An appreciation of human development is essential when considering teaching and learning.  It thus has implications for the policy frameworks which create the opportunities or constraints though which potential is explored.

(xii) This Foresight Report is an outcome of the Mental Capital and Wellbeing Project from the Government Office for Science.  It was written by Feinstein, L., Vorhaus, J., and Sabates, R., Centre for the Wider Benefits of Learning, Institute of Education, University of London.
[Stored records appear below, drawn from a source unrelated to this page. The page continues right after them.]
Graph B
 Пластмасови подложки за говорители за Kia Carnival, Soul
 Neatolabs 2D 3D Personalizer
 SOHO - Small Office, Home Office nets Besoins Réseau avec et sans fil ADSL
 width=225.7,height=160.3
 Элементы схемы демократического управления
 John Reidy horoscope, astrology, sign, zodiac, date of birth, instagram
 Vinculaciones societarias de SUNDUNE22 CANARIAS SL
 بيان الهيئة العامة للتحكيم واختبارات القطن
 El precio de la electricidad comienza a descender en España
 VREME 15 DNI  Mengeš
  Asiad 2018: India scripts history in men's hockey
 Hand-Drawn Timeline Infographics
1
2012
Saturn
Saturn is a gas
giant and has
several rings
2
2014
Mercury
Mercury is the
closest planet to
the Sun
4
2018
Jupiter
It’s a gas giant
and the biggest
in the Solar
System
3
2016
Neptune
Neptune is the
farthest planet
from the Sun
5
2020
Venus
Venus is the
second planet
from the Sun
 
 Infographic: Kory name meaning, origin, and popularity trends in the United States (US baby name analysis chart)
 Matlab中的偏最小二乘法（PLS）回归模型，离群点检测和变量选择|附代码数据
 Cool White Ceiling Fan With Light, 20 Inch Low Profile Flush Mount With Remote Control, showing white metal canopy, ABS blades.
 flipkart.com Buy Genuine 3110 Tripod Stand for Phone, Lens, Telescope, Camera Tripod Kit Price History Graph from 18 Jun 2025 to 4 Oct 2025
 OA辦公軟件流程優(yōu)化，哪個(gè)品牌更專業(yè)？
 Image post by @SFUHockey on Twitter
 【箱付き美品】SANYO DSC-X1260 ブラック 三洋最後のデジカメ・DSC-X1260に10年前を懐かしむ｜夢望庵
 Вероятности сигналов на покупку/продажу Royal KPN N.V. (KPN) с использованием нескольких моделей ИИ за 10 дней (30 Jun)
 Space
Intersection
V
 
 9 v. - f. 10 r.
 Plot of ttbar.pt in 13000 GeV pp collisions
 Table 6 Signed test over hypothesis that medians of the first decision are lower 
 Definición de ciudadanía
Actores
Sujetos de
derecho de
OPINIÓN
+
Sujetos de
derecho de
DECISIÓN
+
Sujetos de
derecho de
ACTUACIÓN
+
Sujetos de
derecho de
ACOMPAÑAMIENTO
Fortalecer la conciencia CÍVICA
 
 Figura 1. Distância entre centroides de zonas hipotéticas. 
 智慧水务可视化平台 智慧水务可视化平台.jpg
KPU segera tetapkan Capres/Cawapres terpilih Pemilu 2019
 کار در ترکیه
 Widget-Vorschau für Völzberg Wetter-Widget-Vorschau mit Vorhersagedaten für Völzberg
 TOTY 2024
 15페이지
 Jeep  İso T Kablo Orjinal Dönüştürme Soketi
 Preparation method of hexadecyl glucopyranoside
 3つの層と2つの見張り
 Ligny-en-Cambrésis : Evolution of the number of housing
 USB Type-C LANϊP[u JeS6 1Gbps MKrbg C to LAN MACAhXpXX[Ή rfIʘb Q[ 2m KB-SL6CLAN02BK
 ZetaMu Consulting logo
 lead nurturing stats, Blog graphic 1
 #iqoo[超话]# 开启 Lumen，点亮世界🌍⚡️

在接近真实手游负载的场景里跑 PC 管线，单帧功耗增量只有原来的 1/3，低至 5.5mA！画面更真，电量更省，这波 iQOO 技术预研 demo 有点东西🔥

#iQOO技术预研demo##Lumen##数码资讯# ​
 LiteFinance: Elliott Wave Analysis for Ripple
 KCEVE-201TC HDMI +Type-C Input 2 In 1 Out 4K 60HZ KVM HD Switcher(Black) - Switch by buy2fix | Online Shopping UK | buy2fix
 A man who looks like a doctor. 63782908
(xiii) Sylva, K., Melhuish, E., Siraj-Blatchford, I., and Taggart, B., 2004, The Effective Provision of Pre-School Education (EPPE) Project.  Final Report.  London: DfES.

(xiv) Plowden Report, 1967, Children and their Primary Schools, London: Central Advisory Council for Education (England).

(xv) Bartlett, F.C. (1932), Remembering: An Experimental and Social Study. Cambridge: Cambridge University Press.

(xvi) For example, Piaget, J., & Inhelder, B. 1973. Memory and intelligence. London: Routledge and Kegan Paul.

(xvii) For example: Vygotsky, L. S., 1962, Thought and Language.  Cambridge, MIT Press.  And 1978, Mind in Society: the development of higher psychological processes.  Cambridge, MA: Harvard University Press.

(xviii) Whorf, B. (1956), John B. Carroll (ed.), ed., Language, Thought, and Reality: Selected Writings of Benjamin Lee Whorf, MIT Press.